A noter qu’en cas de violation de ses devoirs qui découlent du nouveau certificat de travail, l’employeur risque d’être puni d’une amende salée (jusqu’à 10’000 frs), voire, en cas d’erreur préméditée, d’être inculpé de soustraction fiscale et de faux dans les titres.
Le nouveau certificat de salaire appelle une réaction de refus vigoureuse, dans le mesure où il s’agit d’une illustration inquiétante de l’étatisme qui se développe dans notre société et qui étouffe le goût d’entreprendre. Combien de fois ne s’offusque-t-on pas lors des débats politiques de la paperasse administrative qui submerge nos entreprises? Le projet tel que concocté en est le parfait reflet: il ne manquera pas d’engendrer des coûts supplémentaires et une surcharge administrative disproportionnée pour les employeurs, en particulier pour les PME, sans pour autant dégager des recettes nouvelles significatives pour les pouvoirs publics.

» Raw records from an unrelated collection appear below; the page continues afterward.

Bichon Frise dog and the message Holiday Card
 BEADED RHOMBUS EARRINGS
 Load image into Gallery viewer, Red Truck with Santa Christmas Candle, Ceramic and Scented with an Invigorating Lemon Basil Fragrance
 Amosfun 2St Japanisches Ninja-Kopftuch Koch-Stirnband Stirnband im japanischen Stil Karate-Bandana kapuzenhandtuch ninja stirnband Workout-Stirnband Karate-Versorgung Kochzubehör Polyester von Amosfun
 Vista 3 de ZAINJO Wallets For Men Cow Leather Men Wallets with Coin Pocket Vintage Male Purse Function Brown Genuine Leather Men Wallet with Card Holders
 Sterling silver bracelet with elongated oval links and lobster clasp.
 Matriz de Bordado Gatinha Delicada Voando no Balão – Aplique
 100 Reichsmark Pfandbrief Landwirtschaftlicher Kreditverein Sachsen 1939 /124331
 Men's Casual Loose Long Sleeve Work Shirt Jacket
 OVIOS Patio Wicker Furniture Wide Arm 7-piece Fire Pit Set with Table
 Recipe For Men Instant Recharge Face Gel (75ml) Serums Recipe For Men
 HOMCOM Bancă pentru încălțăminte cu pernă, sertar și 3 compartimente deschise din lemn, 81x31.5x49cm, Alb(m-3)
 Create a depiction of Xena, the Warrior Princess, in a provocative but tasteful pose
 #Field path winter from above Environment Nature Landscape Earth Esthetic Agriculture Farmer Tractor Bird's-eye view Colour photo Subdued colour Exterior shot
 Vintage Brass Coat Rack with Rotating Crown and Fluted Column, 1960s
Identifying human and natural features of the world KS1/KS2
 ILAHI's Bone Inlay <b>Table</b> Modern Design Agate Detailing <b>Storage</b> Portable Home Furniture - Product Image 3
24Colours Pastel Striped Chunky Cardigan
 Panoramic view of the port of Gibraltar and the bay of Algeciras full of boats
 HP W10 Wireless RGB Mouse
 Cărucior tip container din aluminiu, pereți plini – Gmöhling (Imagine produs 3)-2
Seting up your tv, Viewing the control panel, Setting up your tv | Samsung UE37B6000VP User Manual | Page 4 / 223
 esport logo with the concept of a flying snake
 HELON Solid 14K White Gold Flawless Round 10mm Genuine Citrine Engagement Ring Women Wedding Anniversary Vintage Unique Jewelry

Heureusement, sous la pression notamment de l’Union suisse des arts et métiers ainsi que de parlementaires fédéraux radicaux, les autorités fiscales on accepté à la fin du mois de mai d’entrer en matière sur les revendications des PME. Elles se sont déclarées prêtes à corriger le projet sur le fond et à mieux l’adapter à la réalité vécue par les entreprises. Au stade actuel, on ne peut que souhaiter que ces bonnes intentions soient suivies d’effets tangibles.